トランプ米大統領の訪中に同行した米企業の最高経営責任者(CEO)らは15日、中国の規制当局や省庁のトップと面会した。
15、16日に発表された中国政府の公式声明や国営メディアの報道によると、GEエアロスペース、ボーイング、クアルコム、カーギル、ビザ、ゴールドマン・サックス、シティグループなどの幹部が商務省、国家発展改革委員会(発改委)、証券監督管理委員会(証監会)、中国人民銀行(中央銀行)など政府機関の高官と面会した。
米企業はトランプ氏と中国の習近平国家主席の和やかな雰囲気の会談によって生まれた政治的な好意が中国の官僚機構にも波及し、規制当局の承認や有利な買収契約の実現などにつながることを期待している。
国営メディアが16日報じたところによると、証監会の呉清主席と北京市トップの尹力・市共産党委員会書記はシティグループのジェーン・フレイザーCEOと面会し、資産運用や国境をまたぐ資金調達における協力強化について協議した。
中国紙「北京青年報」によると、尹氏はシティが事業をさらに拡大し、より多くの国際企業や投資を中国に呼び込む一助となることを歓迎すると述べた。
証監会は呉氏がフレイザー氏と世界的な経済・金融情勢や中国資本市場の開放などを巡り意見を交わしたと発表した。
国家外為管理局は同局トップと人民銀行副総裁がゴールドマン・サックスのデービッド・ソロモン会長兼CEOと面会したと発表した。

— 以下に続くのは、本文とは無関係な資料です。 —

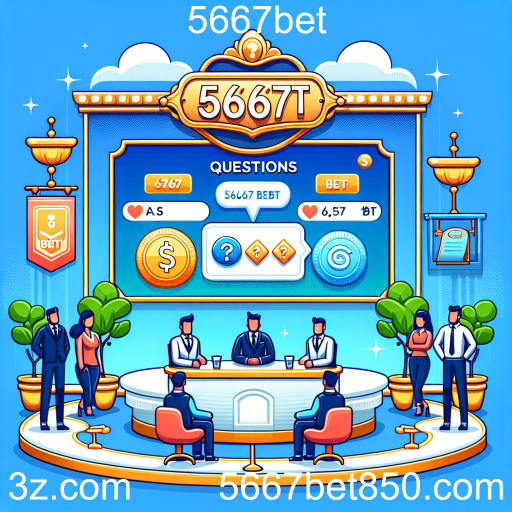 Desvende o Mundo do Conhecimento com o Jogo 'Perguntas' do 5667bet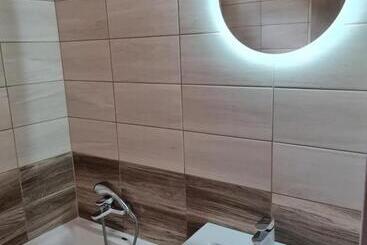 Pensionat Borostyán Vendégház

一方、王文濤商務相はビザのライアン・マキナニー氏、カーギルのブライアン・サイクス氏、クアルコムのクリスティアーノ・アモン氏と面会したが、中国側の公式発表では協議の詳細は明らかにされなかった。
ボーイングのケリー・オルトバーグCEOとGEエアロスペースのラリー・カルプCEOは発改委の幹部と面会した。